As the plan now stands, a family would be able to purchase up to 1 million forints worth of stocks. They would have to make a down payment of 5% and could pay the rest over time. Ferenc Gyurcsány optimistically announced that in four years this 1 million forint initial purchase might be worth 5 million forints, in five years 10 million forints, and in eight years 20 million. From these numbers I gather that at the moment the government is thinking in terms of restricting the sale of purchased shares for at least four to eight years. All Hungarian citizens over eighteen would be eligible to buy stock in addition to citizens of other countries within the European Union who live in Hungary on a more or less permanent basis.
According to some estimates about 44% of the population has some savings: mostly in cash and in bank deposits with fairly low yields. The interest in ÚTP seems to be high. According to one of the polling companies, 2 million people are thinking of participating. As for reactions of the experts? Not surprisingly the management and brokers of the stock exchange are enthusiastic. Some people (for example, Éva Pálócz, head of Kopint-Tárki Zrt, an economic think-tank) worry that once the prohibition of the sales of shares is over, speculators will get hold of these stocks. These people bring up as an example the very badly executed program of "stocks" people received as compensation for lost property. Indeed, this was a nightmare as I know from my own experience. The hope is that there will be better safeguards this time. Surely, they must have learned something from that fiasco. Levente Blahó of Raiffeisen Bank is enthusiastic. He hopes though that a very large percentage of these stocks will freely circulate during the prohibition period because otherwise the prices of the stocks may be adversely affected.
For what my two cents is worth, let me compare this to what normally happens in an initial public offering (IPO) in the U.S. In an IPO a relatively small number of shares is offered to the public (Google, for instance, offered only 7%) with the rest retained by company founders, venture capitalists, and management. The "public" is rarely the little guy; normally before the stock starts trading on an exchange, investment banks and their best clients own the shares. Then the rest of the universe can weigh in. Do we believe in a company such as MasterCard or do we think it’s a loser like Vonage? The stock trades freely, sometimes wildly.

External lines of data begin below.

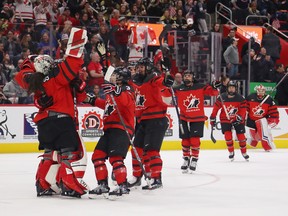 Shannon Szabados (1) of Canada celebrates a 2-0 win over of the United States with her teammates at Little Caesars Arena in Detroit on Feb. 17, 2019.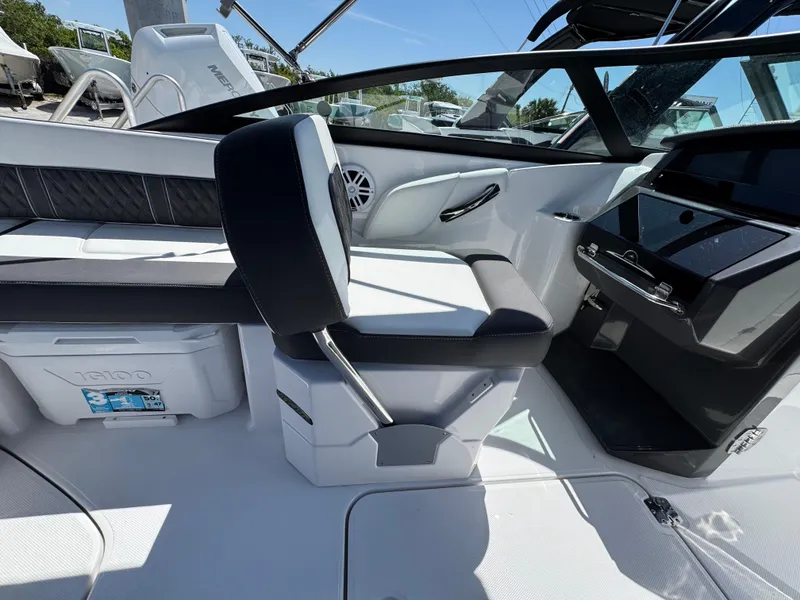 Slide: The Image of Interior of 2025 Monterey M-45 boat, featuring sleek seating and modern dashboard design. - 6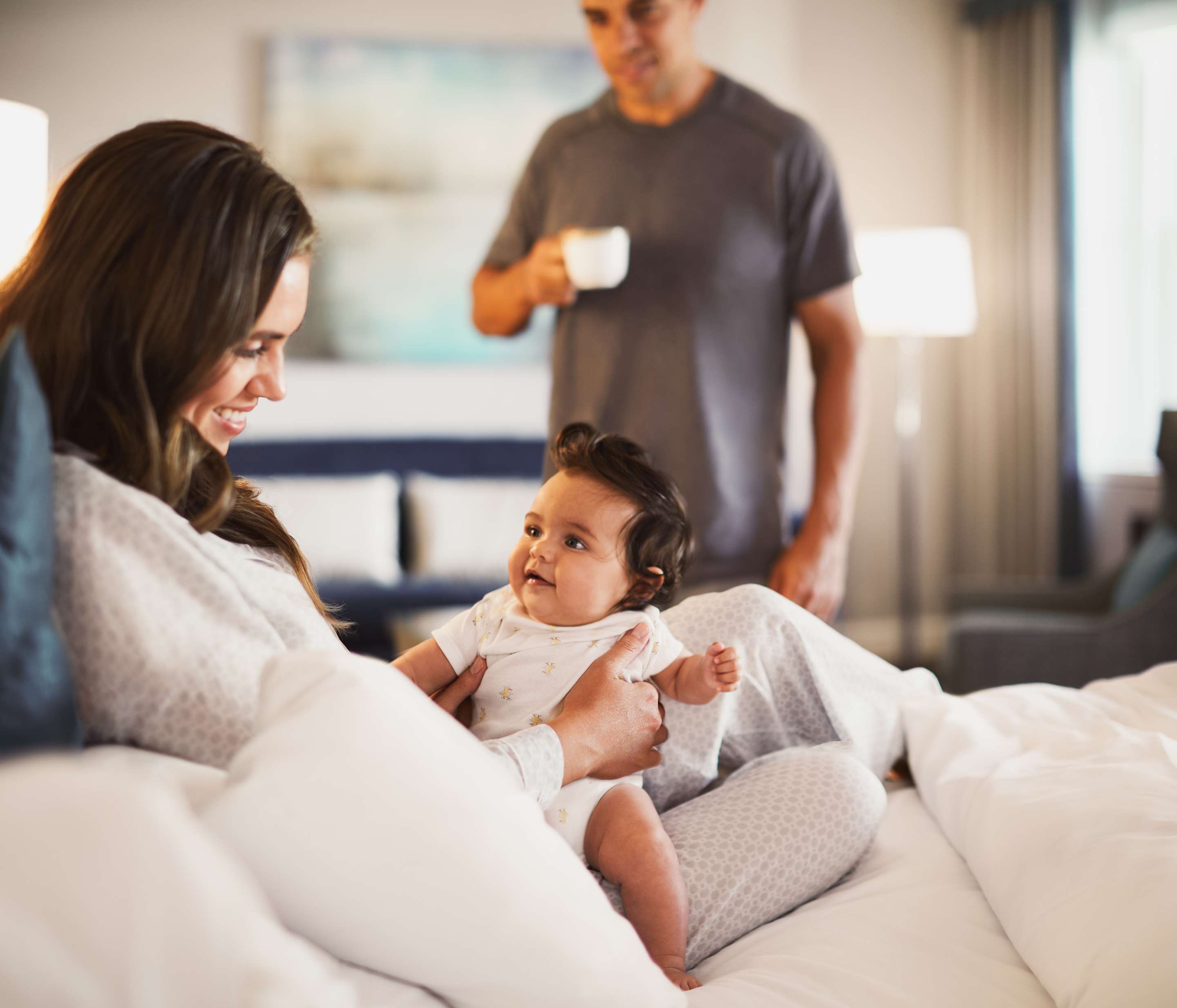 Room mom and baby on bed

In the meantime those who hold stock not offered to the public normally respect a lock-up period (usually a few months) and don’t try to sell their shares into the market. That would, of course, put pressure on the share price. But the stock that came public has changed hands countless times. This is the process of price discovery–what do people think the stock is really worth?
Under the Hungarian proposal it would seem that Hungarian citizens, assuming that they receive shares before stocks begin trading publicly, will be like American investment banks and their best clients (with huge leverage!) except for having a lengthy lock-up period. The balance of the 49% will trade freely on the BUX (akin to action after an IPO starts to trade on an exchange). So who wins? Well, if the stock goes up, everybody, including the government who is sitting on 51% of the company.
The closest thing to a leveraged buy out (LBO) is the deal being offered to Hungarians. Sounds good to me!